His philosophical work is based on both Arabic sources (including Alfarabi, Avicenna and Averroes) and Greek and Byzantine sources (such as Eustratius of Nicaea and Michael of Ephesus).

Its aim is to insure that the Latin world was properly introduced to philosophy by providing a systematic exposition of Aristotelian positions.

Albert's method of exposition (paraphrase in the style of Avicenna rather than literal commentary in the style of Averroes), the relative heterogeneity of his sources and his own avowed general intention 'to list the opinions of the philosophers without asserting anything about the truth' of the opinions listed, all contribute to making his work seem eclectic or even theoretically inconsistent.

This was compounded by the nature and number of spurious writings which, beginning in the fourteenth century, were traditionally attributed to him in the fields of alchemy, obstetrics, magic and necromancy, such as The Great and the Little Albert, The Secrets of Women and The Secrets of the Egyptians.

This impression fades, however, when one examines the authentic works in the light of the history of medieval Aristotelianism and of the reception of the philosophical sources of late antiquity in the context of the thirteenth-century university.

1 Introduction of philosophy to the Latins After studying in Padua and Cologne, Albert entered the Dominican order around 1220.

He was the first German to become master of theology at the University of Paris (1245-8).

He then taught at the Dominican studium at Cologne (where his students included Thomas Aquinas (until 1252) and Ulrich of Strasbourg).
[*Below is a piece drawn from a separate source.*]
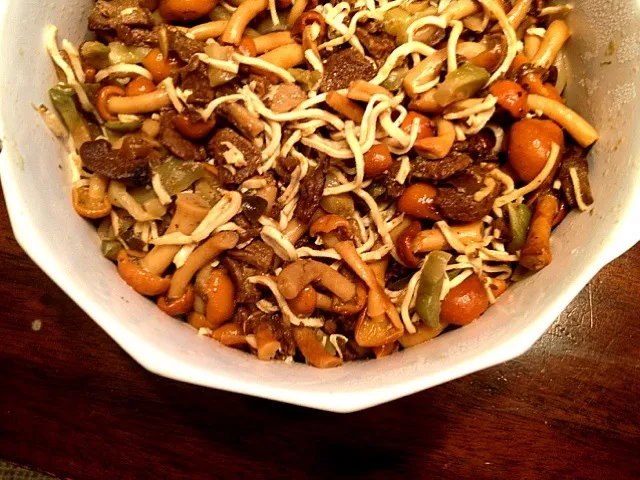 shredded tofu with mushroom|Jiehuさん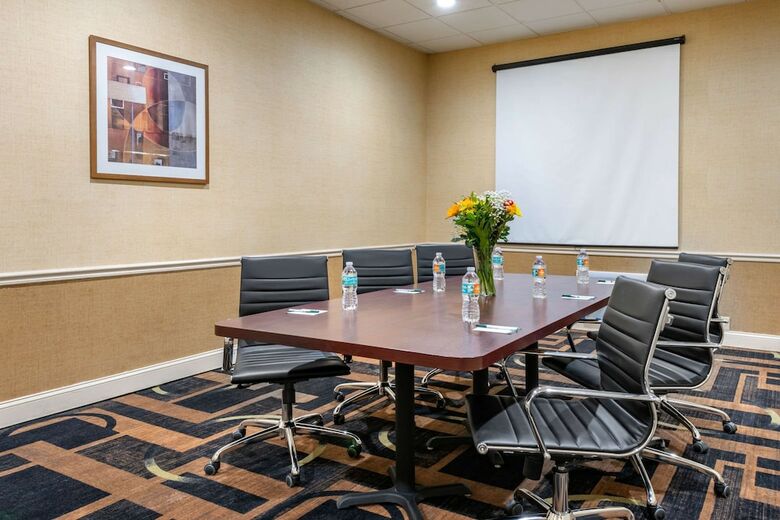 Hotel Quality Inn And Suites Riverfront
Between 1254 and 1257 he was the Dominican Provincial of Teutonia (Germany).

As bishop of Ratisbon (Regensburg) in 1260, at the express request of Pope Urban IV, he preached the crusade 'in Germany, Bohemia and other Germanic countries'.
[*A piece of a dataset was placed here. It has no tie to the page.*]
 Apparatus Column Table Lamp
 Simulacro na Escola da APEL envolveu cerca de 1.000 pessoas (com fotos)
After various visits to Würzburg (1264) and Strasbourg (1267), he lived in Cologne until his death in 1280.

Albert's teaching in Paris was dominated by his writing the Summa de creaturis (Book of the Creatures) before 1246.
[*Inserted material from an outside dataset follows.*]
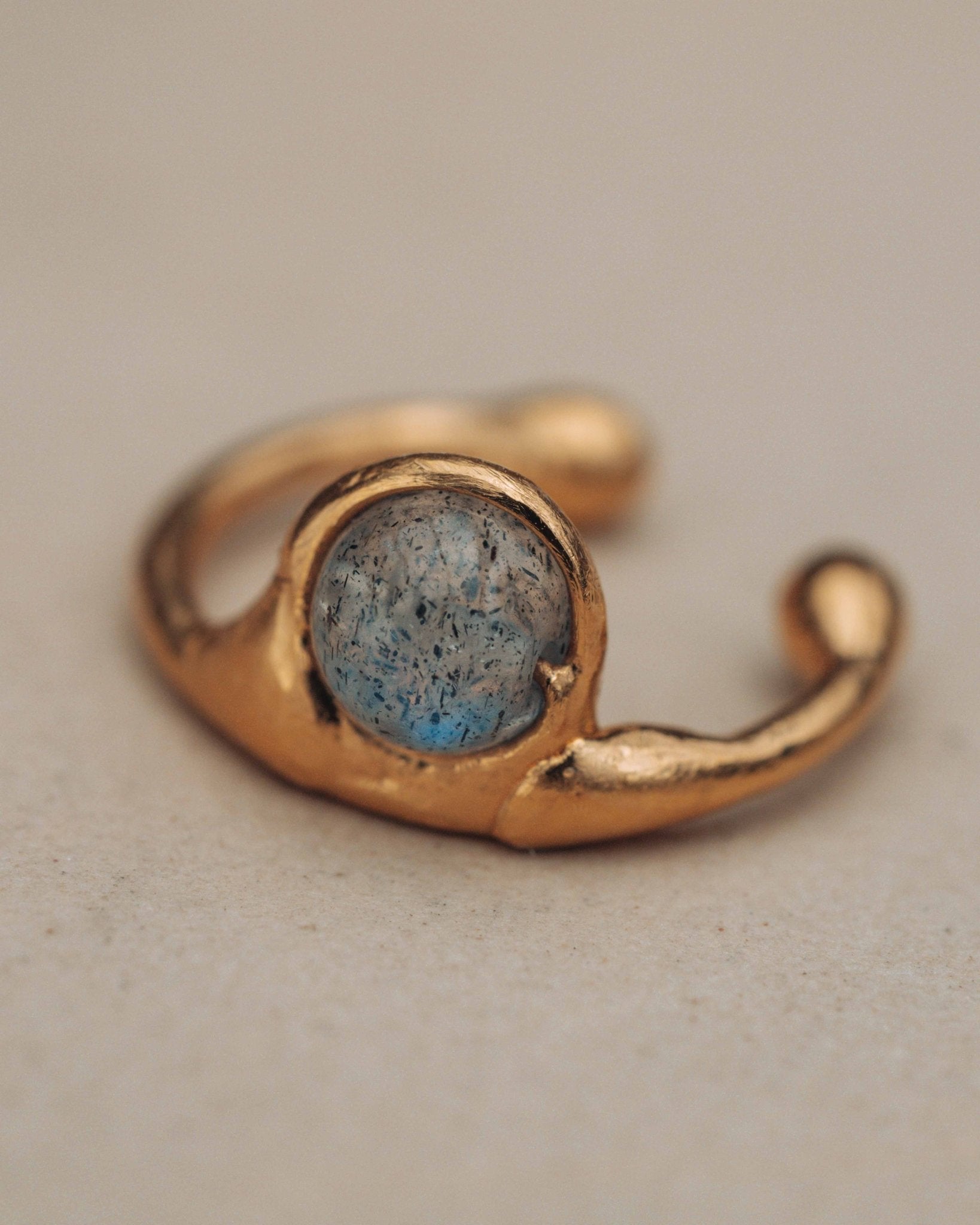 IVY Earcuff Labradorit Nella & Sina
Despite the censure imposed on the study of Aristotle during the preceding decade, Albert made extensive use of Greek-Arabic Aristotelianism in his theology.

The same tendency can be seen in his commentary on the Sentences, begun in Paris and finished in Cologne in 1249.

It was also in Cologne, while at the studium generale of the Dominican Order, that Albert wrote most of his works in natural philosophy, including the Physics, the commentary on On the Heavens, the Liber de natura locorum (The Nature of Places) and the De causis et proprietatibus elementorum (The Causes and Properties of the Elements).

In 1250-2, he presented in lectures his first commentary on the Nicomachean Ethics (the Super Ethica, a question-commentary).

He returned to the Nicomachean Ethics in 1262-3, this time producing a paraphrastic commentary, the Ethica.

Albert's large-scale paraphrases on the Organon were written between 1252 and 1256, based on Arabic works by Avicenna and Alfarabi which are for the most part lost today, and also on Latin works (the Logica modernorum and commentaries by Robert Kilwardby, with which Albert became familiar in Paris).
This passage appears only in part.